I would like the lines below, from the one with "VELVYT BreezoWrap 6.3" through the one with "Air Jordan 1", copied exactly and without any pictures.

Data records
==========

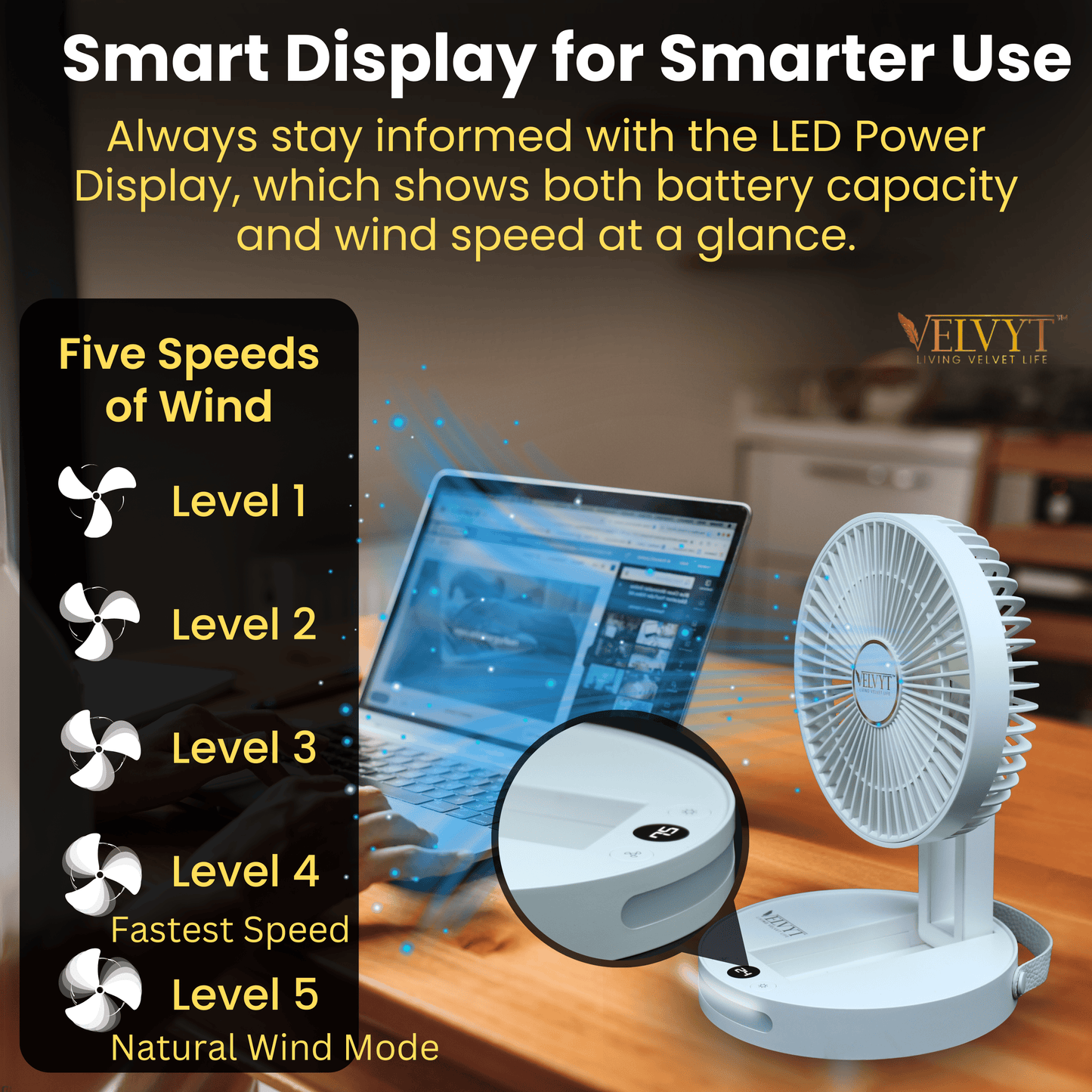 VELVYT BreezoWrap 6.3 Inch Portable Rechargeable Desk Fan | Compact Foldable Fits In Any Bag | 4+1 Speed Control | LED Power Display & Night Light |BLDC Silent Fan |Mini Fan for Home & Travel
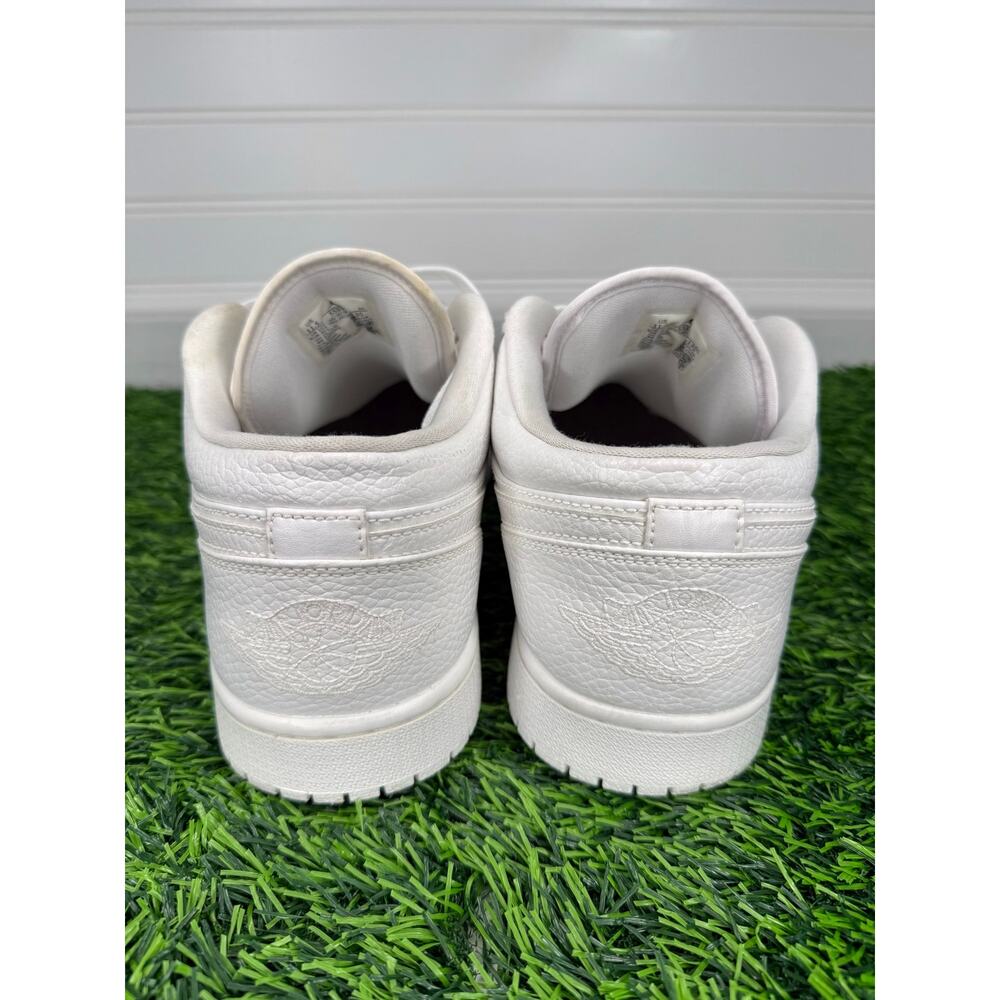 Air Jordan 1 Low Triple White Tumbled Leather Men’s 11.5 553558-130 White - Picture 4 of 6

==========

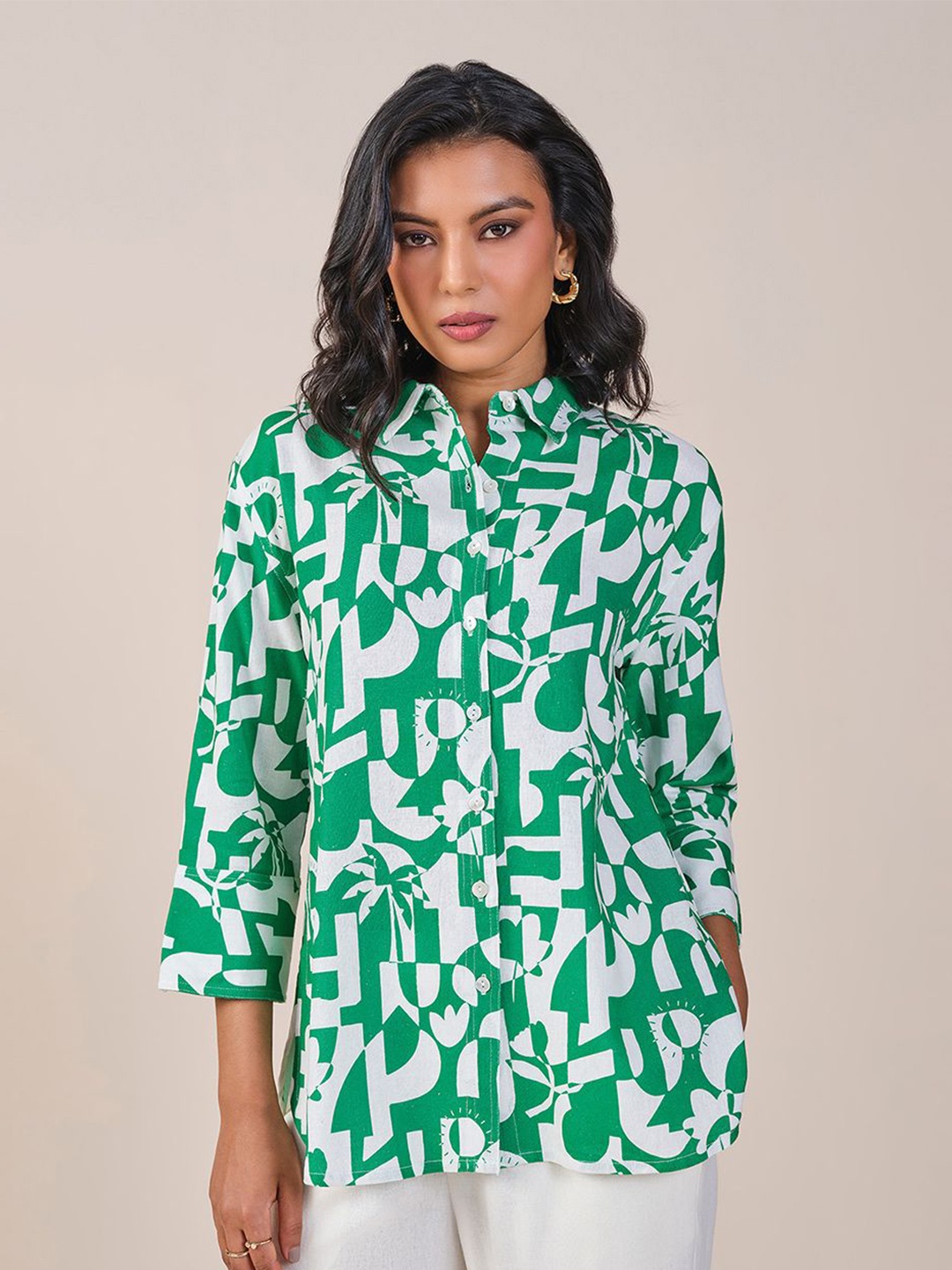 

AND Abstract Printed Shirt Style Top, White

==========

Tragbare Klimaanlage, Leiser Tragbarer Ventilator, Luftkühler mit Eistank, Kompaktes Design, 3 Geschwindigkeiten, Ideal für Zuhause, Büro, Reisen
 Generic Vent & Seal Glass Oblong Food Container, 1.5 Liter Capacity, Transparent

==========

Reply to the exercise
 VELVYT BreezoWrap 6.3 Inch Portable Rechargeable Desk Fan | Compact Foldable Fits In Any Bag | 4+1 Speed Control | LED Power Display & Night Light |BLDC Silent Fan |Mini Fan for Home & Travel
 Air Jordan 1 Low Triple White Tumbled Leather Men’s 11.5 553558-130 White - Picture 4 of 6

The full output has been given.